From what I've read, their yearly revenue is around $15 billion.
The title is somewhat misleading: the actual quote is $30B to "creators, artists, and media organizations." I suspect that the vast majority of that money went to already established music artists and big media organizations.
They also released many of their own shows (called Youtube Originals). Those might be included in the $30B as well.
It's clearly not benefiting the quality of content. If you go to the front page of youtube right now, it's filled with vlog style, 10-minute-padded, clickbait junk. Creatives who excel at making interesting <5min videos can't sustain themselves on the platform any more it seems.
> If you go to the front page of youtube right now, it's filled with vlog style, 10-minute-padded, clickbait junk.

This... Doesn't make any sense. The Frontpage looks like that because it's what the average viewer wants to watch (many of which are kids). If you use YouTube with any regularity, your homepage recommendations shouldn't be coming anywhere close to that.

Yeah, the frontpage is just lowest common denominator. If you get into the topics you're interested in there is a lot of impressively high quality content from small to medium sized creators.
> 10-minute-padded

Is THAT what it is? I thought a lot of people were just bad speakers, guess I was naive.

Let's say that children watch clickbait junk while true intellectuals with large disposable incomes watch creatives who make masterpieces every once in a while.

While the clickbait junk should end up presenting more ads to their audience due to either sponsor deals or ads directly on the video page, shouldn't the audience be "worth less" from a $/impression perspective compared to the audience of true intellectuals?

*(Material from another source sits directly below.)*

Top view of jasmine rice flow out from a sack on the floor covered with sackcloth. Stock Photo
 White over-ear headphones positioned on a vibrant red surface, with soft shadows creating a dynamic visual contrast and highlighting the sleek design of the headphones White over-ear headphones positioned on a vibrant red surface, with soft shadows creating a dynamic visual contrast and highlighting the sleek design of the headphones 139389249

At the end of the day a monetized uploader's "monetary goal" is to show enough ads to the audience, not so much as to make them leave, but right before the limit. Why should someone who creates short bits of content have their $/impressions so much higher to make up for that? It's not a youtube problem, it's an advertiser problem (because if I recall correctly, it's a marketplace bid system where whoever offers the most for a demographic will get their ad shown).

I suppose you could say that youtube is not a good platform for this high quality content. Imagine if movie studios started putting their $180 million budget movies onto youtube. You could say that the movie studio is spending too much on creating their content, above the maximum for what youtube can offer. Or that youtube isn't the right platform for this content. Although youtube does have the option to offer content behind a paywall.

So this is either that advertisers aren't valuing the opportunity to show their ads to the audience of these high quality content creators enough, or that their audience doesn't want to pay for the high quality content if it was behind a paywall.

Not bad considering Youtube takes in something like $15B per year.